:: REQUIRED WORK ::
Beneath this instruction is a listing; print exactly the lines in it starting at the line that contains "2012-2018 Audi A6" and going through the line that contains "Видеокамера IP HiWatch".

:: DATA SHOWN ::
%%

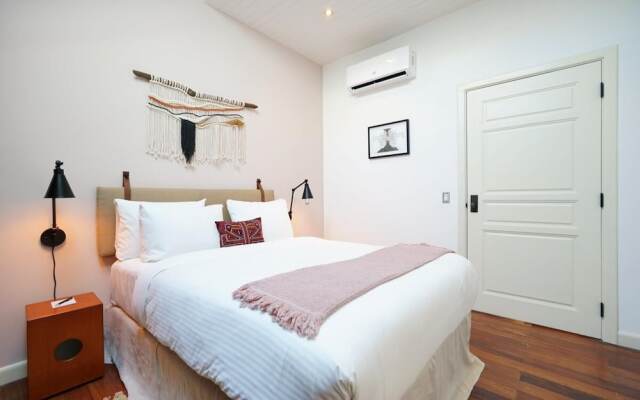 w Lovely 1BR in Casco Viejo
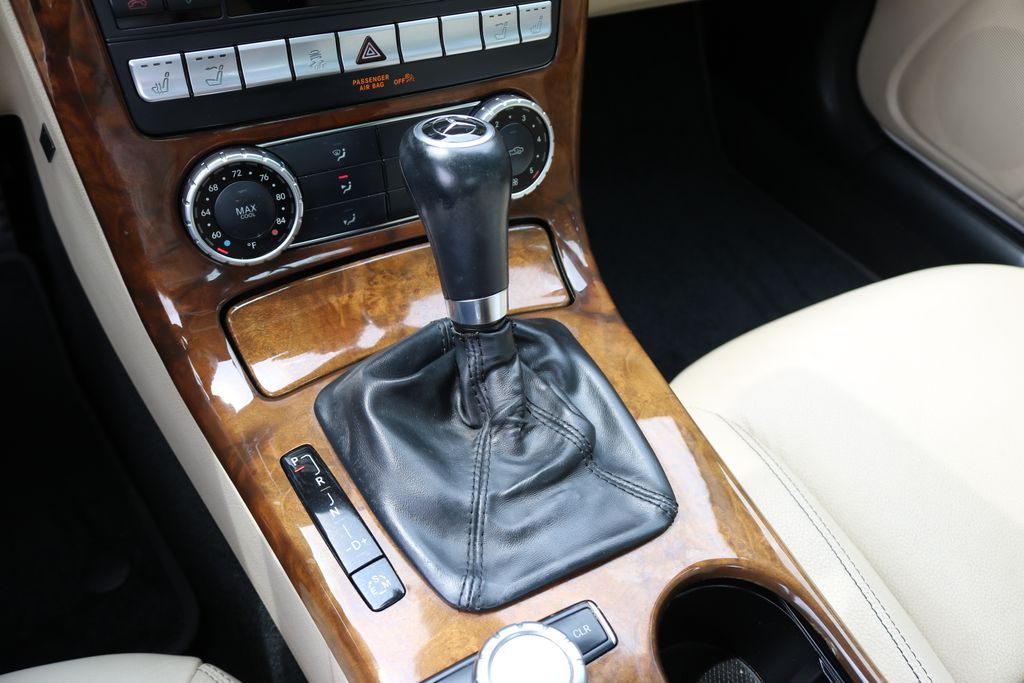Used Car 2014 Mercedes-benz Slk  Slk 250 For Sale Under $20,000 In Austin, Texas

%%
%%

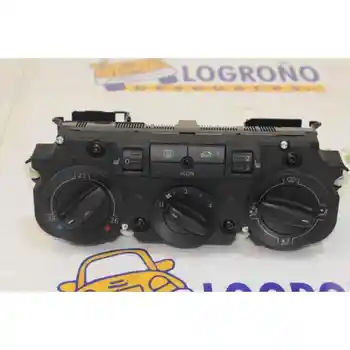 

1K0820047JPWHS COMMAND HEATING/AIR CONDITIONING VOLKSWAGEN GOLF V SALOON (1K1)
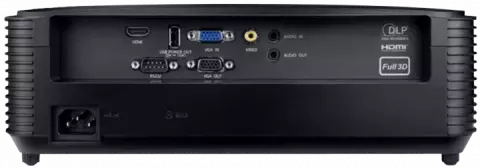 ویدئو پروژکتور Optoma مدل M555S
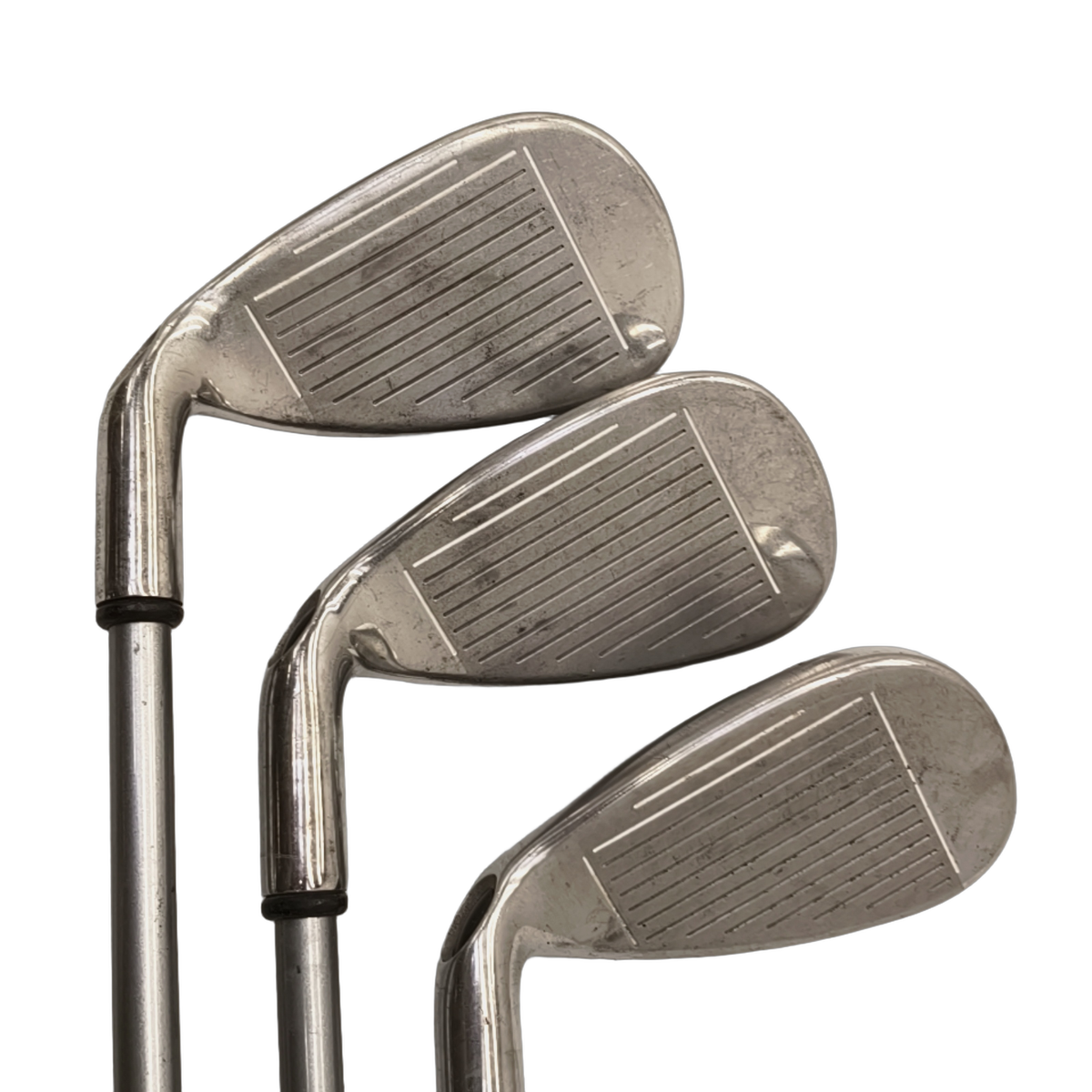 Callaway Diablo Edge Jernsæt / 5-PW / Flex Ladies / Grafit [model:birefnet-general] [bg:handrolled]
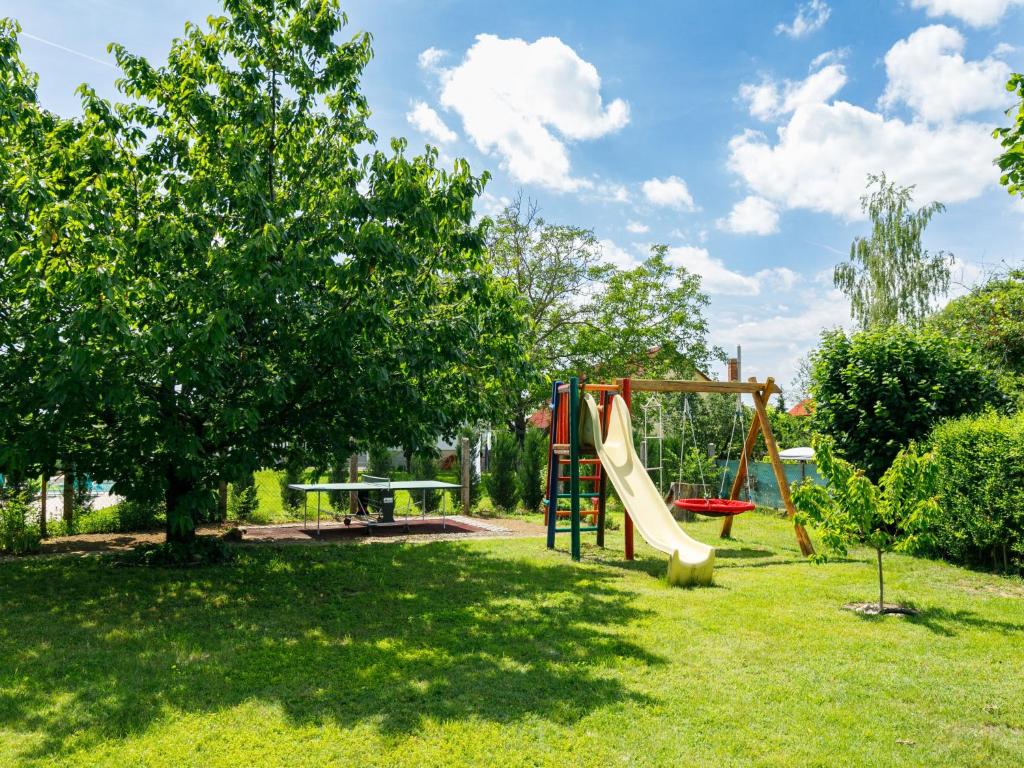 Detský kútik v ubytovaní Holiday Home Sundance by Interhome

%%
%%

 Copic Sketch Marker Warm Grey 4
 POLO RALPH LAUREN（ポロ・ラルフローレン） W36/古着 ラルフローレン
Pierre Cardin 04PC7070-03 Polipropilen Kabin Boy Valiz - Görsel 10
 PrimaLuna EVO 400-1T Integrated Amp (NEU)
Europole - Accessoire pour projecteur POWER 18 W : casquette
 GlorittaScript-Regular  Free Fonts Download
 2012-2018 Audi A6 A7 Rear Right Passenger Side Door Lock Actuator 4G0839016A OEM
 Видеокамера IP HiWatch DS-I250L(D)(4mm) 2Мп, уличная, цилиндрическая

%%

:: YOUR SOLUTION ::
 2012-2018 Audi A6 A7 Rear Right Passenger Side Door Lock Actuator 4G0839016A OEM
 Видеокамера IP HiWatch DS-I250L(D)(4mm) 2Мп, уличная, цилиндрическая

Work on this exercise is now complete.